■ ACTIVITY: Retype exactly every line from the one that includes "CS Principles - Unit" through the final line of the listing, both ends kept, and omit the pictures.

■ INFORMATION PROVIDED:

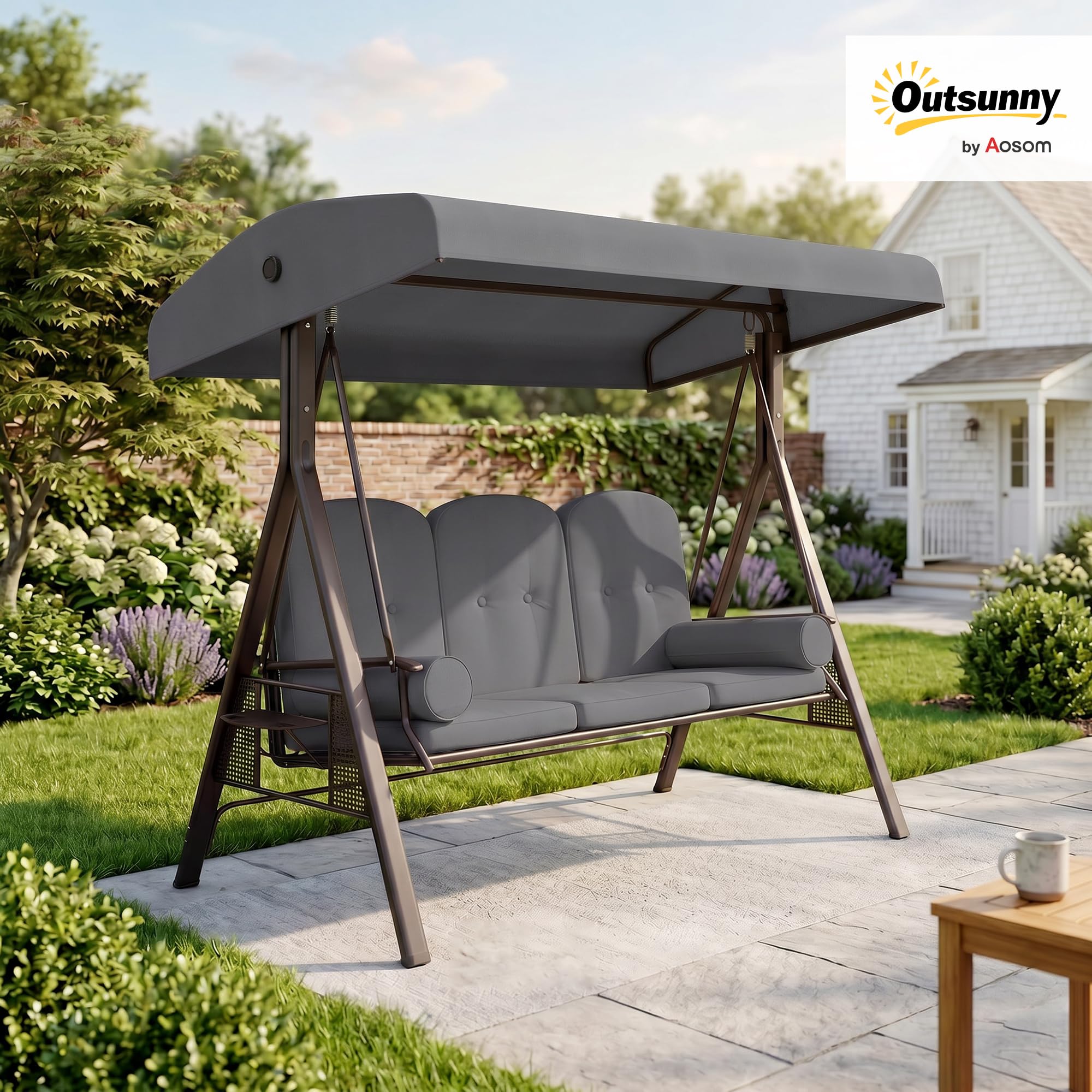 Outsunny Dondolo da Giardino 3 Posti con Tettuccio Parasole Regolabile, Dondolo da Esterno con Portabicchieri e Cuscini Imbottiti, Portata 360 kg, 208x121x172 cm, Grigio Scuro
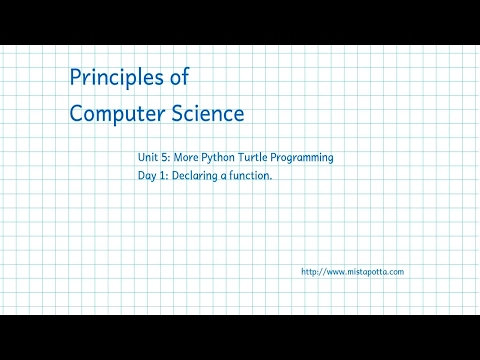 CS Principles - Unit 5 Day 1 - Defining a Function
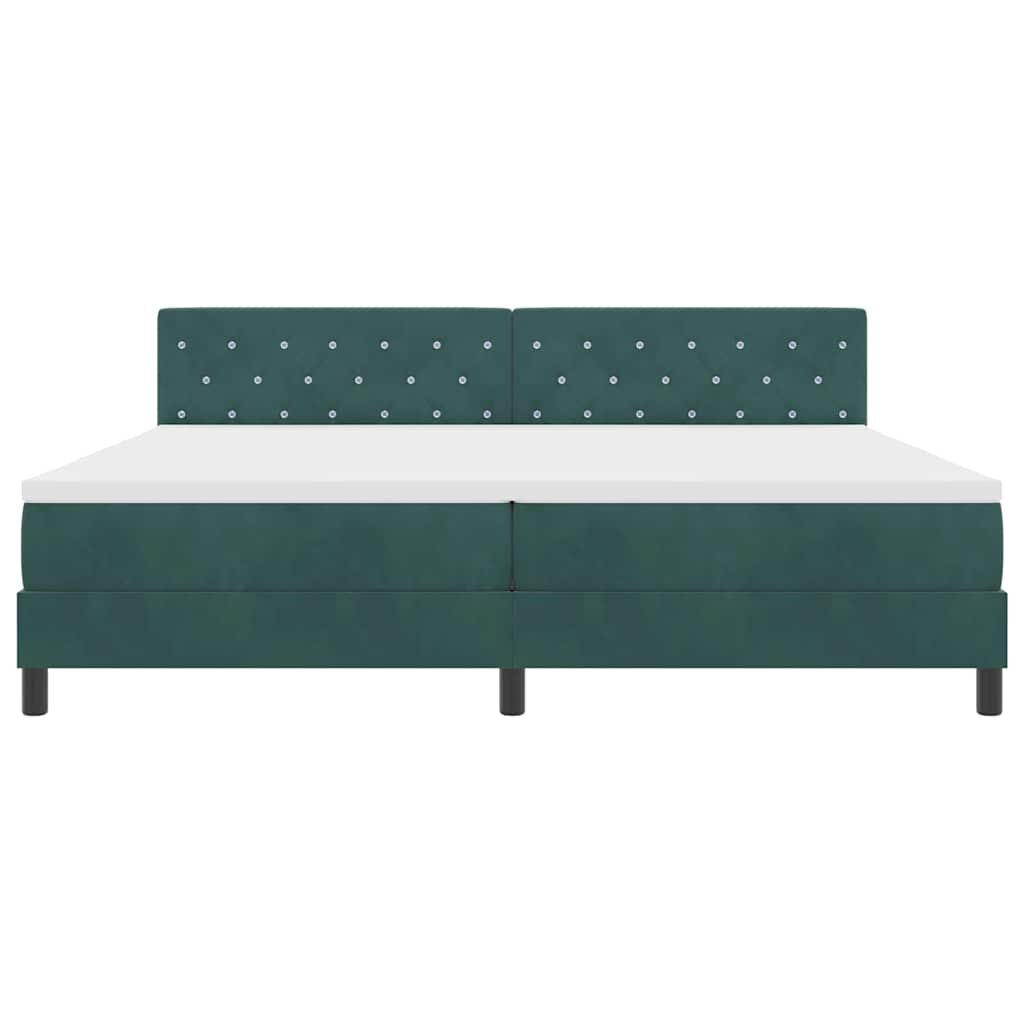 Box spring seng med hovedgærde Mørkegrøn 200 x 200 cm Fløjl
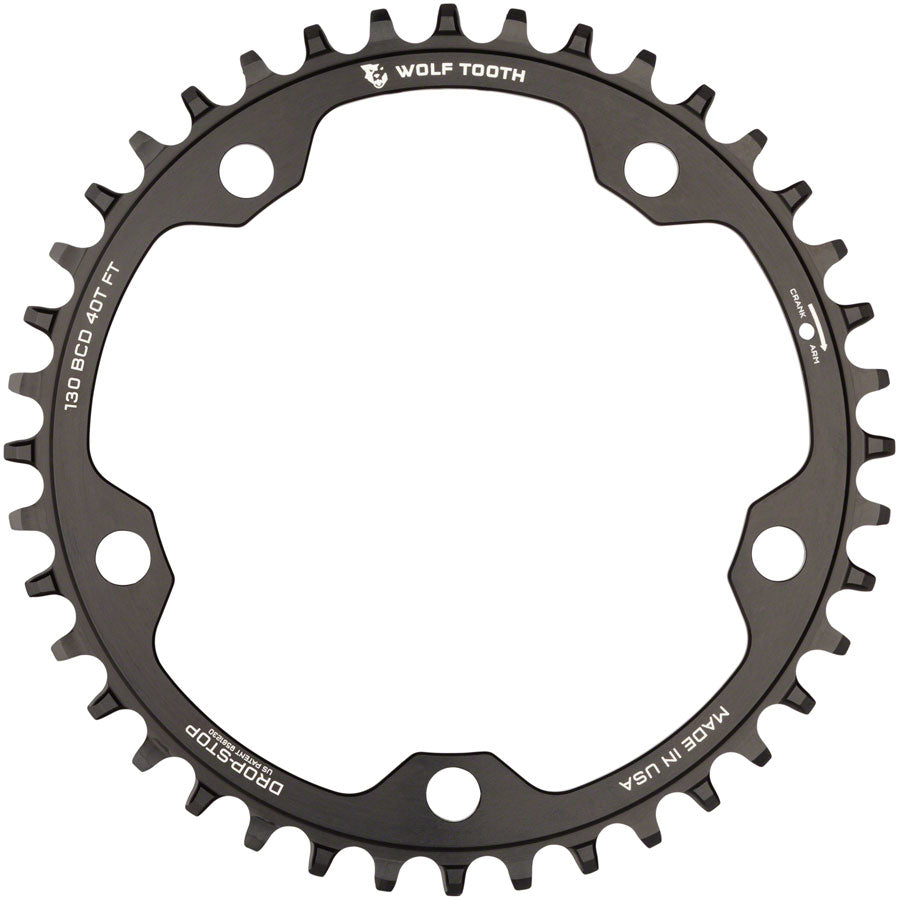Wolf Tooth 130 BCD Road Cyclocross Chainring - 40t 130 BCD 5-Bolt Drop-Stop 10/11/12-Speed Eagle Flattop Compatible BLK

■ FINISHED EXERCISE:
 CS Principles - Unit 5 Day 1 - Defining a Function
 Box spring seng med hovedgærde Mørkegrøn 200 x 200 cm Fløjl
Wolf Tooth 130 BCD Road Cyclocross Chainring - 40t 130 BCD 5-Bolt Drop-Stop 10/11/12-Speed Eagle Flattop Compatible BLK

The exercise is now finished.